Friday, March 5, 2010

Obama administration pulls up short on estimated deficits

Another bullish day in the equity market as the Labor Number was better than expected. The government after careful massaging of data, seasonally adjusting and backing in to their birth/death rate model yielded a net loss of 36,000 jobs in February and no change to the unemployment rate!

The Cheetos eating, Red Bull drinking gamers on Wall Street were giddy and launched the Dow 122 points. Of course, the volume was at best nominal, but hey, we don’t need volume and we obviously do not need jobs to spawn a rally.

The gamers were in a state of Nirvana by the closing bell, THEN; the Congressional Budget Office chose to reward today's bullish sentiment with the following deficit projection updates.
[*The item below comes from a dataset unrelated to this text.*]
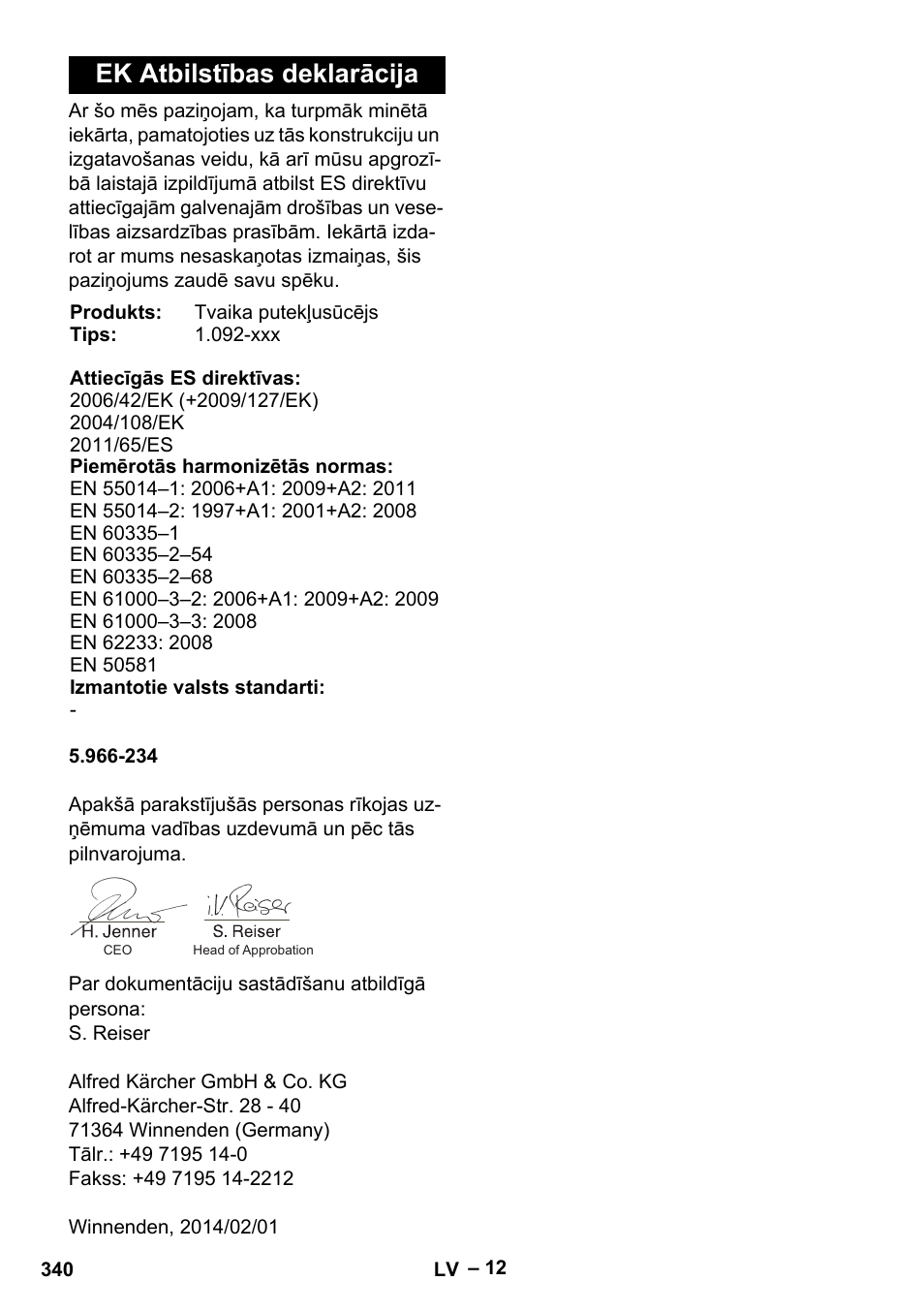 Ek atbilstības deklarācija | Karcher SGV 8-5 User Manual | Page 340 / 372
Appears at our current pace, this country will officially be bankrupt in a decade.

Don’t worry, this assures Wall Street and the Big Banks astounding compensation packages for years…then they will simply set up their boiler room in another country, manipulate that government, take hideous amounts of risk, and secure a bailout…
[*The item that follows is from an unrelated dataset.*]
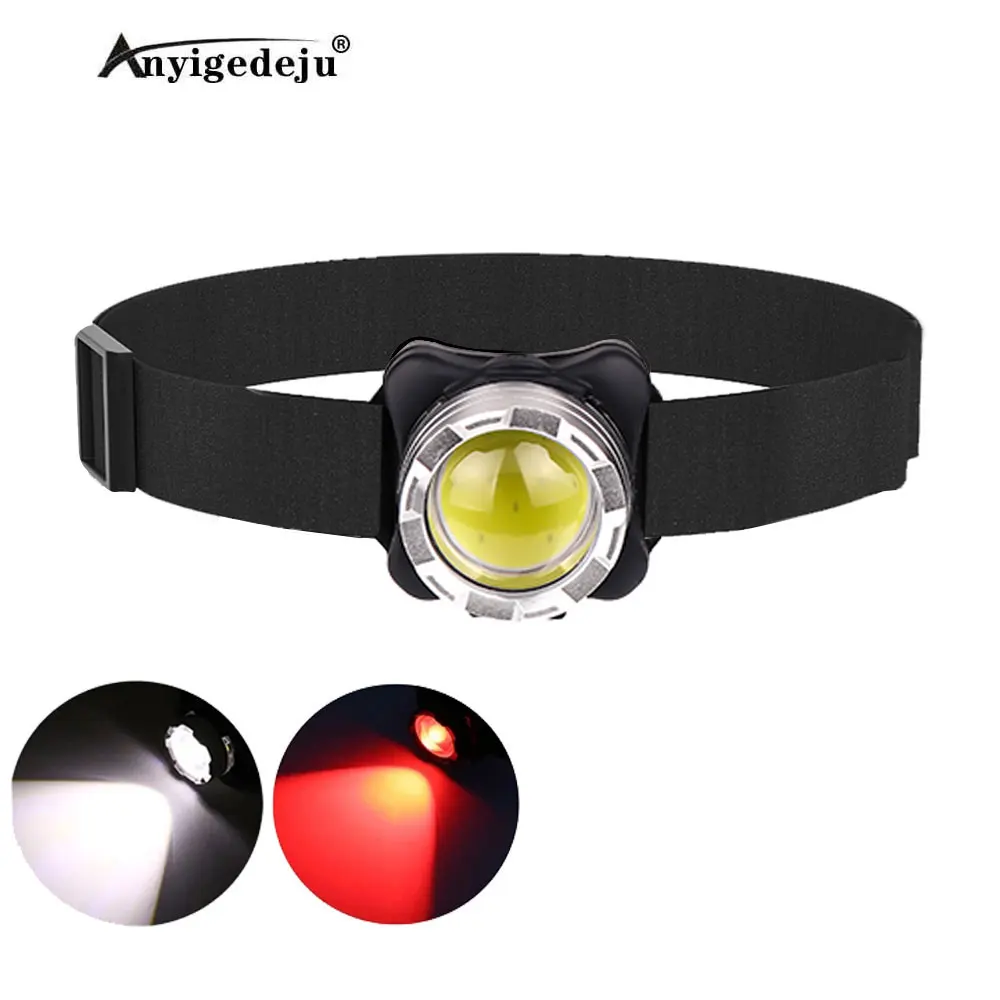 

Powerful Headlamp USB Rechargeable Headlight COB LED Head Light with Built-in Battery Waterproof Head Lamp White Red Lighting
March 5 (Bloomberg) -- President Barack Obama’s budget proposal would generate bigger deficits than advertised each year for the next decade, with the 10-year shortfall totaling $1.2 trillion more than the administration estimated, according to the Congressional Budget Office.

The nonpartisan CBO, in an annual analysis of the White House budget proposal, said today that under Obama’s plan deficits would never shrink below 4 percent of the economy between now and 2020. The cumulative deficits would total $9.76 trillion, and debt held by the public would amount to 90 percent of the nation’s gross domestic product by 2020, the CBO said.
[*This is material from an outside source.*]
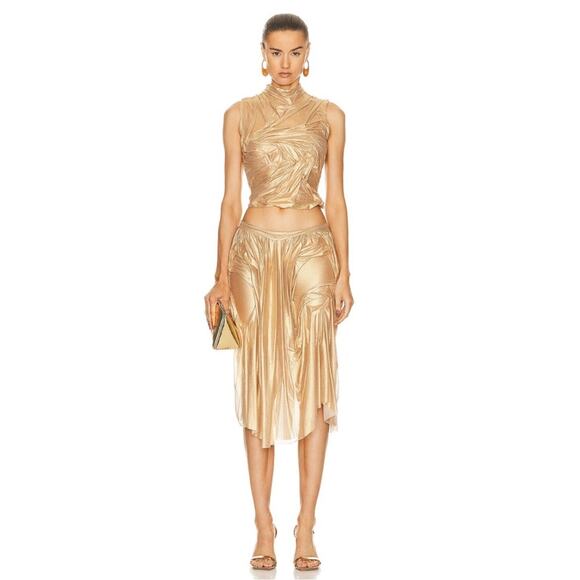 Di Petsa Wetlook High Neck Metallic Gold Top Size XL - Picture 3 of 9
By 2020, the federal debt would grow to $20.3 trillion under Obama’s budget, according to CBO.

Those figures are all higher than the administration estimated last month when it said its budget would cut the deficit to as low as 3.6 percent of GDP, with total shortfalls over 10 years totaling $8.5 trillion. The publicly held debt would grow to 77 percent of GDP in 2020, under the administration’s estimate.

This year’s deficit will total $1.5 trillion, according to the CBO report.